The root gradient comes from the Latin word gradi, meaning “to walk”. In this sense, the gradient of a surface is the rate at which it “walks uphill” [[3]] [3].


The figure below is an example of the convergence of the Gradient Method (black curve) and Newton’s Method (blue curve. However, Newton’s Method converges much faster than Gradient Method by taking a different direction.

Screen Shot 2020-09-09 at 4.48.43 PM.png

The figure above uses the function $f(x)= (10x_1^2 + x_2^2)/2 + 5\log(1 + e^{-x_1-x_2})$ [[2]] [2].

Difference 3: Operation Time

At each step of iteration of Newton’s Method, we want to compute the Hessian of a $n \times n$ matrix of $f$, this will cost $O(n^2)$ time to compute. The operation time of Gradient Method, however, is $O(n)$ time. If n is a very large number, e.g. n = 1 million, then Newton’s Method is computationally expensive.

Moreover, Newton’s Method converges by one step for a quadratic function.

Consider a quadratic function

\[\begin{equation*} f(x) = \alpha + \left<a, x\right> + \frac{1}{2}\left<Ax, x\right> \end{equation*}\]

where $A$ is a symmetric positive definite $n \times n$ matrix.

So

\[\begin{align*} \nabla f(x) &= a + Ax\\ \nabla^2 f(x) &= A \end{align*}\]

Then, the minimum of the function is

\[\begin{equation*} x^* =-A^{-1}a \end{equation*}\]

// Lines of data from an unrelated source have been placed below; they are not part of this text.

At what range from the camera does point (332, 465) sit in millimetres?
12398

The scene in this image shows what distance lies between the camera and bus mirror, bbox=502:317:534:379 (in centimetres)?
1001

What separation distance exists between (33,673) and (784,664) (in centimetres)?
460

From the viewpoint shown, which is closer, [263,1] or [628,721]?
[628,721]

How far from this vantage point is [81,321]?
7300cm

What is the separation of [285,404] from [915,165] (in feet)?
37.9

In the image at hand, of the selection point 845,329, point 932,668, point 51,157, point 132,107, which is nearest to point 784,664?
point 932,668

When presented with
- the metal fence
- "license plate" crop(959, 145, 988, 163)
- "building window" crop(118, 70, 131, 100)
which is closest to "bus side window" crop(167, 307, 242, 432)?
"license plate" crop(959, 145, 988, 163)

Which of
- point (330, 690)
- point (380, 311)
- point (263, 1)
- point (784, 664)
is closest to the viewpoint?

We can then see that the direction of Newton’s Method at some $x \in \mathbb{R}^n$ is

\[\begin{equation*} d_N(x)= \left[ \nabla^2 f(x)\right]^{-1} \nabla f(x)= A^{-1}(a+ Ax) = x + A^{-1}a \end{equation*}\]

At some $x \in \mathbb{R}^n$,

\[\begin{equation*} x - d_N(x) = -A^{-1}a = x^* \end{equation*}\]

Therefore, we can close the conclusion by above.

Gradient Descent

Batch Gradient Descent

The scheme of batch GD is to compute the loss for every element in a dataset, then update the parameter by the mean of loss until the loss function converges to the minimum.

Given the lost function

\[\begin{equation*} J(\theta) = \frac{1}{2}\sum_{i=1}^m\left(h_{\theta}(x)^{(i)} - y^{(i)}\right)^2 \end{equation*}\]

We want to choose $\theta$ that minimizes \(J(\theta)\).

Algorithm ($n\geq 1$) :

We pick an initial value of $\theta$,

repeat until convergence: $\bigg { $

\[\theta_j := \theta_j -\alpha \frac{1}{m} \sum_{i=1}^m \frac{\partial J(\theta)}{\partial \theta_j} \quad \textrm{for } j= 0,...,n\\ \implies \theta_j := \theta_j -\alpha \frac{1}{m}\sum_{i=1}^m (h_{\theta}(x^{(i)}) - y^{(i)})\cdot x_j^{(i)} \quad \textrm{for } j:= 0,...,n\]

$\bigg }$

where $\alpha$ is the learning rate.

References

(1): Lecture Notes of CS229 - Learning Regression, Classification and Logistic Regression, Generalized Linear Models

(2): Lecture Notes of Convex Optimization 10-725: Newton’s Method

(3): “Burden, R. L., & Faires, J. D. (2011). numerical analysis.”

(4): “Nesterov, Yurii. (2004). Introductory Lectures on Convex Optimization, A Basic Course.”